Summary of the outcomes

General areas	Challenges faced and where examples illustrated
Informed consent and respect for recruited participants and communities.	Information and consent processes Perception of our work being some kind of audit or check (Box 2) How much choice do some health managers and providers really have about involvement in our research? Is information we gain through informal interactions or our other capacities (or hats) covered by our consent processes? (Box 3) How long a period can our consent processes cover? Apparent perception that we can and should assist to deal with day to day problems observed or otherwise identified. Respect to participants and communities beyond consent How to respond when being informed about or observing apparently ‘unethical’ behaviour (Boxes 1 and 2) Individual informed consent in terms of fixed messages given formally to all potential participants at the outset of the study is only one part of a much wider set of interactions which show respect to diverse participants. Regular interaction, discussion and reflection with key actors wherever possible is essential. Ensuring that all actors in the research team understand and ‘buy into’ the research and research approach is essential to asking the right questions, building good quality relevant data, and minimising unrealistically high expectations. Feedback to collaborators and actors at different levels of the system is essential and may often require informal interaction, and being able to respond to requests for information and engagement with very short notice.
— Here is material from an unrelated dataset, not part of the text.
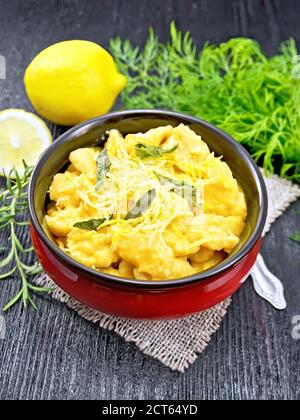 Gnocchi di zucca con salvia, limone, formaggio e burro in una ciotola su tela contro tavola di legno scuro Foto Stock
Social value and risk‐benefit ratios.	Individual risks and benefits are not as obviously and automatically incorporated into HPSR in the way they often are for epidemiological or clinical studies. Careful consideration and planning is needed to ensure that relationships are not harmed, and power imbalances not exacerbated. A dilemma is how to counter‐balance this cautionary approach against a transformative agenda to raise awareness about and reduce damaging imbalances in an effort to strengthen equity. Where the intention is to improve equity between actors, there needs to be careful planning and tracking of activities over time to ensure that there are no unintended perverse outcomes to the contrary. Specifically, there may be particular concerns regarding breach of confidentiality, where individuals, facilities or regions may be easily identifiable, with negative implications for future (transformative) research.
Independent review	Given the importance of committees as gatekeepers of research, and the challenges faced in terms of the resources available and the range and number of studies they have to review, we support others in advocating for strengthened support to these committees in their review of HPSR, including assessing qualitative research.